(Photo by Jonathan Newton/The Washington Post)

A number of reasons have been floated for why the Washington Nationals are playing better baseball in 2014 than they did in 2013. Clubhouse chemistry, the emergence of Tanner Roark, trades for impact players and the resurgence of Denard Span have all been identified as key motivations behind an improved Nationals club. However, one of the most overlooked reasons has been the improvement of the Nats’ bullpen.

We all know the basic rankings; the Nationals bullpen is third in the National League in ERA and first in MLB in Fielding Independent Pitching, which measures what a player’s ERA would look like over a given period of time if the pitcher were to have experienced league average results on balls in play and league average timing. Not many though have taken note of the difference between those numbers between 2013 and 2014. In 2013, the Nats bullpen had an ERA of 3.56 and a FIP of 3.50, in 2014 those numbers are 2.93 and 3.03, respectively.

In FanGraphs’ FIP based WAR and runs against based RA9-WAR (wins above replacement calculated with RA9. This is both park adjusted and league adjusted) we can get an idea of the impact that basic difference has had. In 2013 the Nationals bullpen was worth a collective 3.0 wins above replacement by the FIP based WAR and 3.1 wins above replacement by RA9-WAR. Through just 137 games in 2014 the bullpen has a WAR of 4.5 wins and a RA9-WAR of 4.8 wins, a full 1.5 win difference. While it is possible for those numbers to go down by the end of the season, it’s unlikely, and it’s even more unlikely that they won’t be an improvement on 2013.

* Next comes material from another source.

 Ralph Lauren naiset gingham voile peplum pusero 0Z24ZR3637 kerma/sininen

There is a problem though, WAR is designed to remove context to more accurately compare players across positions and teams. This is great, but for a position that relies so heavily on the context under which they enter and exit the game it probably isn’t the best measure. To rectify that, we can look at context-dependent stats, which will give the relievers more accurate credit for the high leverage situations they often pitch in.

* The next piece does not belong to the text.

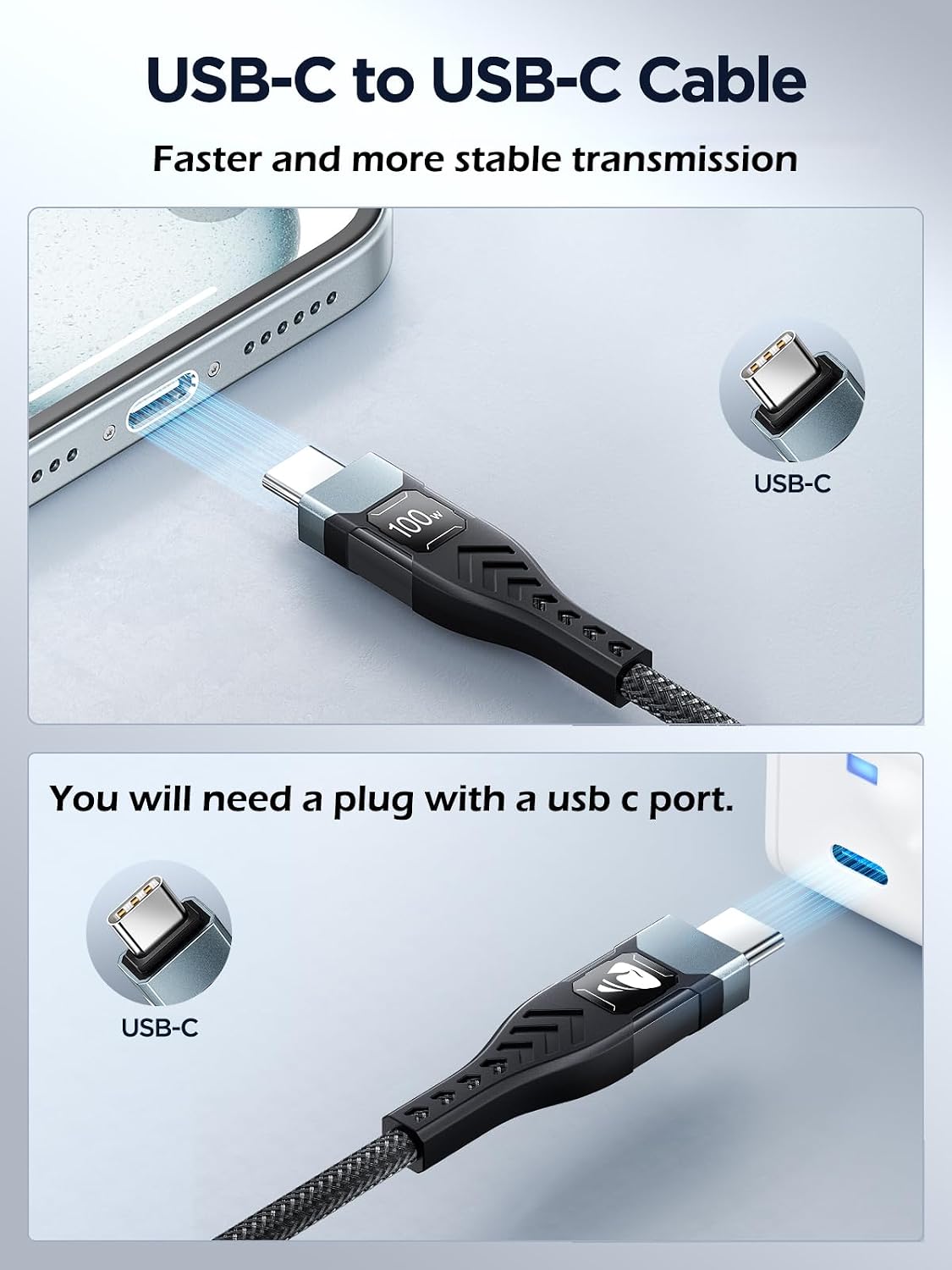 USB-C to C 1M 100W PD3.0 Fast Charging Cable - Compatible with MacBook Pro, iPad Air, iPhone 15, Samsung S23/S22/S21 Ultra, Pixel 7/6, Switch, PS5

The first one is RE24, which is the change in run expectancy based on the 24 base-out states as defined by Tom Tango. RE24 measures an individual player’s impact on their team’s expectation of scoring a run, or in the case of pitchers reducing their opponent’s chance of scoring a run. In 2013, Nationals relievers combined for -2.54 RE24, while in 2014 they have a combined RE24 of 34.31. Considering the rule of thumb that about 10 runs is worth one win, we see a three win difference between 2013 and 2014. At the very least the bullpen isn’t improving Nats opponents’ chances of scoring a run in 2014.

The logical progression from RE24 is win probability added which uses Tom Tango’s win expectancy charts to directly measure how much a player contributes to his team’s chances of winning a game. It takes into account both positive and negative plays to produce one number. In 2013, Nationals relievers had a combined a win probability added of 1.40, while in 2014 they have a combined WPA of 4.64. Since one WPA is equal to 100 percent win expectancy the 2014 bullpen has already been worth three extra wins, the same conclusion derived from RE24.

But what if we don’t want a completely context neutral statistic like WAR, but we also don’t want a completely context dependent statistic like WPA? That’s where perhaps the best statistic for judging relief pitchers is context neutral wins, or WPA/LI. This is a combination of the aforementioned WPA and leverage index which is a measure of how important a game situation is depending on the same factors as WPA. By dividing the win probability by the leverage index, we can directly measure a player’s contributions to his team’s win expectancy, while neutralizing for leverage index so that players don’t get a large bonus by being in high leverage situations more often.

In 2013, the Nationals bullpen had a WPA/LI of 0.41, while in 2014 that number is 3.43. Again, we see the same three win difference as seen with RE24 and WPA. While the exact difference between the 2013 and 2014 bullpen might not be three wins, there is still a stark difference between the two seasons. The 2013 bullpen barely contributed to the Nationals’ win expectancy and actually detracted from its run expectancy, while the 2014 bullpen has put up numbers that rank eighth in MLB in RE24, ninth in WPA and eighth in WPA/LI.

While the overall difference between the 2013 Nationals and 2014 Nationals won’t be just three wins, it certainly is nothing to scoff at. And when we take a quick look at the 2014 and 2012 bullpens in the same statistics presented here they compare favorably if not better than that 98-win squad.

Season Team ERA   FIP   WAR   RA9-WAR    RE24   WPA WPA/LI
2014 Nationals 2.93 3.03    4.5 4.8 34.31 4.64 3.43
2012 Nationals 3.23 3.70    3.5 6.3 36.27 3.32 1.99

While the starting pitchers and position players garner all the headlines, the bullpen is an underrated part of a team’s success. Especially in the low run scoring environment of the 2010’s a bullpen that can both hold wins and keep games close when their team is trailing can have a large impact on a team’s fortune. For the Nationals, not much has been made of their bullpen in the past couple seasons, but perhaps it should have been. The Nats have been at their best when their bullpen is at its best and in 2014 they might have one of the best bullpens in the game.